E a proximidade com o eleitor garantiria a plena representatividade do eleito sobre o eleitor?
“Os defensores do voto distrital no Brasil afirmam que ele é bom porque há mais proximidade entre o eleito e o eleitor. Os distúrbios de Londres eclodiram no distrito de Tottenham, cujo representante é um negro de 39 anos chamado David Lammy nascido e criado em Tottenham. Na eleição de 2010, o comparecimento foi de 58,2%, ou seja, 41,8% dos eleitores não foram votar, talvez porque achassem que os candidatos em disputa não os representavam. Adicionalmente, Lammy teve 59,3% de votos. Isso significa que 40,7% de quem foi às urnas no distrito de Tottenham não têm representante no parlamento britânico. Lammy representa somente 34,5% de todos os eleitores de seu distrito, isto é, 65,5% não têm representantes. Assim, não surpreende que os eleitores que não se sintam representados tenham, utilizando seus aparelhos BlackBerry, organizando os distúrbios que vimos. O sistema eleitoral distrital cria as condições dos distúrbios que aconteceram em Londres porque se trata de uma forma de representação que joga no lixo uma enorme proporção de votos, ou seja, esses votos ficam sem representação no parlamento.”

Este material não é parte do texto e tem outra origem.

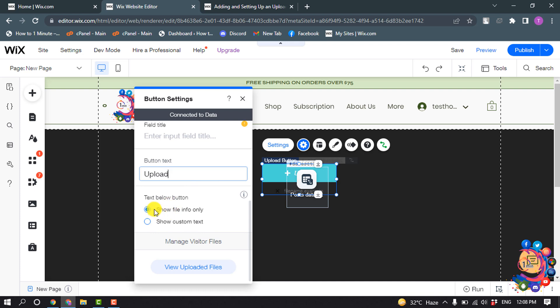And text below button, show file info only, or you can select show custom text.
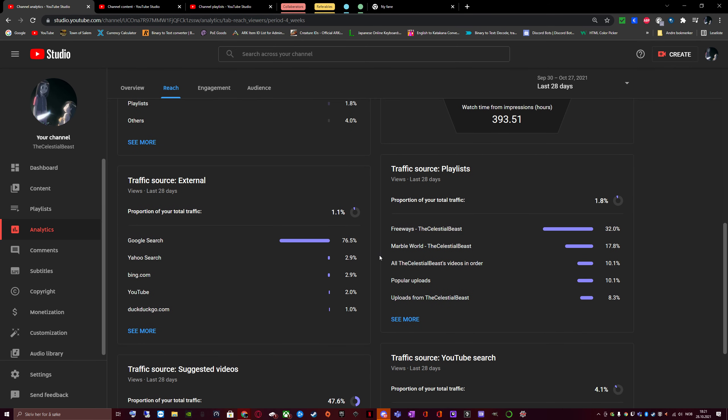Other than that, Google search is my biggest external traffic source. Through playlists, people watch Freeways playlist, then Marble World, and then look at my massive all videos in order playlists.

Eduardo Graeff diz que “o debate teórico também vai ser fácil” em favor do voto distrital. Fácil, nada. O que é fácil é identificar a origem desta ideia: Guilherme Afif Domingues, José Serra, agora Eduardo Graeff… Só será fácil se, como de outras vezes, a mídia abafar os que falam que essa ideia é o que realmente é: a aposta dos tucanos e seus penduricalhos conservadores de voltarem ao poder que não conseguem pelo voto direto.
Quem hoje reclama das “emendas parlamentares”, do fisiologismo na representação política e do despejo de dinheiro nas campanhas eleitorais ganha, com o voto distrital, tudo isso em quantidades muito maiores, embora divididas em “pedacinhos distritais”. Para os cariocas, basta lembrar como Chagas Freitas construía suas maiorias: algumas bicas d’água nas favelas X, Y e Z garantiam um deputado “benfeitor” local.
Os nossos porta-vozes da “representatividade local” não querem outra coisa. Um “baixo clero” político que se mantenha com as piores práticas, a eliminação daqueles que buscam o voto de opinião e convicção e o poder exercido por uma casta incontestável, como foi a que imperou na obscura Era FHC.
Mas justiça seja feita: FHC eleger-se-ia deputado pelo distrito de Higienópolis. Afinal, a gente “diferenciada” não vota lá.

PS. Podendo, leia o artigo de Antonio Carlos Almeida, um trabalho sério e cheio de dados, embora ache discutíveis algumas de suas conclusões. Mas é assim a democracia não-distrital, nenhum pensamento é o “único”, como adoram que seja – o seu,claro – os neoliberais.